Advice for a friend. Should she move to Japan or not?

A friend of mine is obsessed with Japan. She loved manga and all that, lived there as a university exchange student for a year.

Now she wants to go back as a Japanese student and then search for a English teacher (or other jobs that can give her a visa).

But she says that she doesn’t like Japanese people that much. That they are quite narrow minded and that work is too much.

Edit:
[She worked as a teacher while her university exchange time. Hated how they treated her at work, and how they treated her when searching for jobs and all that. She said how the government treats foreigners different and all that. How she cannot speak her mind and all that.

I’m just scared that she might go there, perhaps running away from her life in Ireland and then come back after a few years even more unhappy that she is now.

I think everyone should move around and live in other places, it’s just that she lived in other places before and feels like she is just running away from her life.]

I don’t think she should go, but I don’t know if I am just being judgy. I think important are actually the most important part when you move to a new place.

What do you guys think?

7 comments
  1. This is a copy of your post for archive/search purposes.

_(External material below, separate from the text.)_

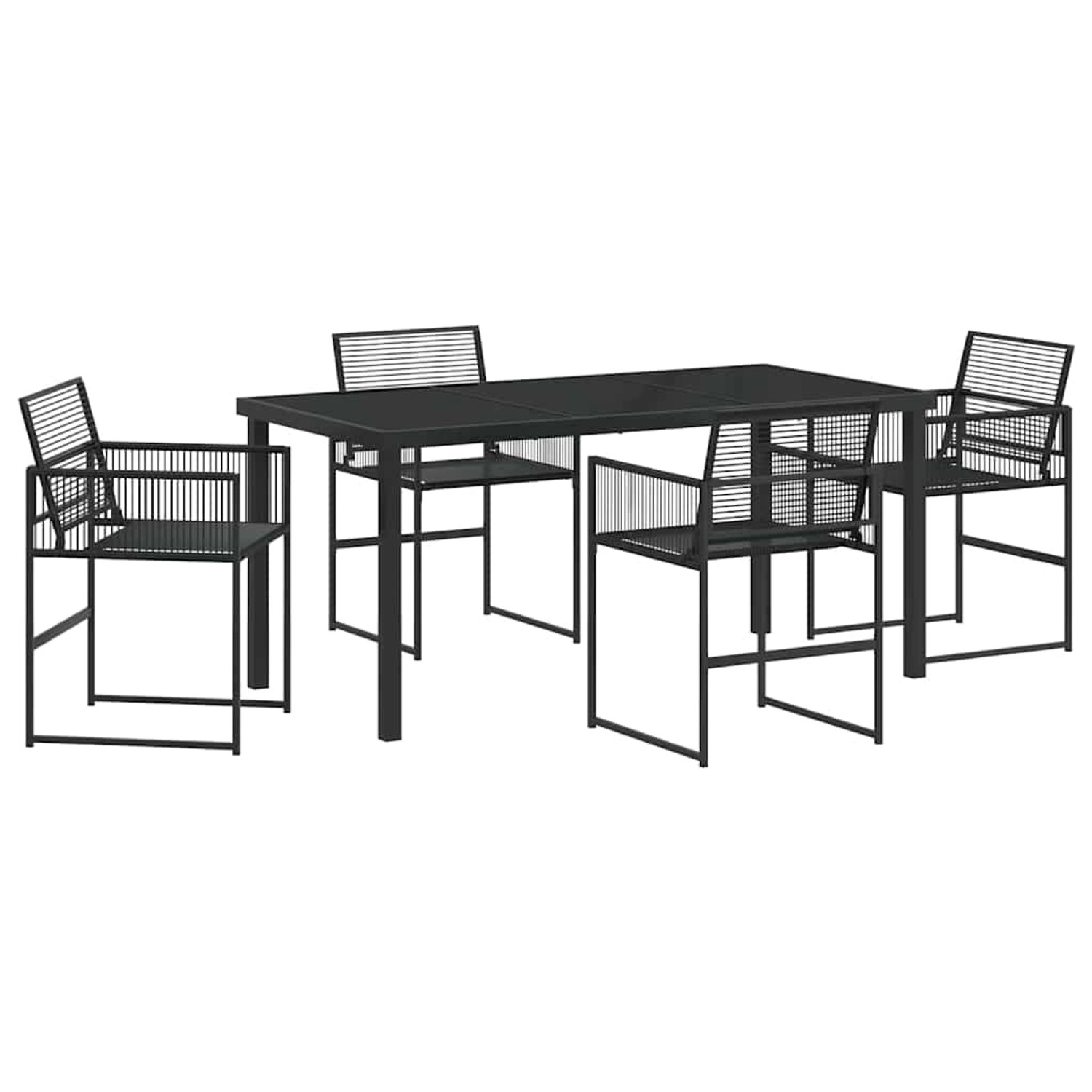 vidaXL Garten Essgruppe 5-Tlg Schwarz Poly Rattan 3379328 günstig online kaufen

    **Advice for a friend. Should she move to Japan or not?**

    A friend of mine is obsessed with Japan. She loved manga and all that, lived there as a university exchange student for a year.

    Now she wants to go back as a Japanese student and then search for a English teacher (or other jobs that can give her a visa).

    But she says that she doesn’t like Japanese people that much. That they are quite narrow minded and that work is too much.

    I don’t think she should go, but I don’t know if I am just being judgy. I think important are actually the most important part when you move to a new place.

    What do you guys think?

    *I am a bot, and this action was performed automatically. Please [contact the moderators of this subreddit](/message/compose/?to=/r/movingtojapan) if you have any questions or concerns.*

  2. If she lived there for a year already, then it’s not like she is going in blind.

    You said you don’t think she should go but then didn’t provide any reasons at all as to why you would think that.

    Thinking Japanese people are narrow-minded and the work culture sucks aren’t really new ideas. If they aren’t deal breakers for her, then that’s her decision. I think if she does move, she will find Japanese people less narrow-minded than she thinks and the work culture more difficult than she expects. At the end of the day, she would still be moving to one of the highest ranked countries in many quality of life metrics, albeit at a disadvantage for being a foreigner.

  3. That’s a gross generalisation on her side about Japanese people, even if she spent a year there and got that impression. She needs to rethink how she sees a whole nation of people. Japan has a certain reputation and stereotypes but that’s no excuse to just lump everyone in together.

    I don’t think she should move somewhere where she doesn’t like the people as that is going to make her very isolated (and Japan is isolating enough, and being a foreigner is even more isolating).

    On top of that, she has to put up with Japanese people every single day. I doubt she’ll enjoy that if she dislikes them + their politics and economy which will affect her + the work is too much and pay is too little especially for an English teacher, which is likely the only job she would qualify for… So, yea.

    tl;dr no.

  4. Without invalidating your friend’s experiences or your worries – letting one or even a few bad experiences sour her on an entire country and culture would be a waste.

  5. >Now she wants to go back as a Japanese student and then search for a English teacher (or other jobs that can give her a visa).

    Your friend should have a more specific career in mind. “Japan at any cost” is a great way to waste a decade of your life discovering that what you do is more important for your overall happiness than where you do it.

    Now, if your friend genuinely wants to be a teacher, there is nothing wrong with that. But English education in Japan is very much a two tier system and its extremely unlikely that one can make the transition from ALT/Eikaiwa to University/International School teaching. So if your friend actually wants to be a teacher, she should be getting a teaching license where you are and start getting classroom experience. A masters of education wouldn’t hurt either.

  6. If she can’t get along with people around her and don’t want to work hard, Japan is not a good place for her.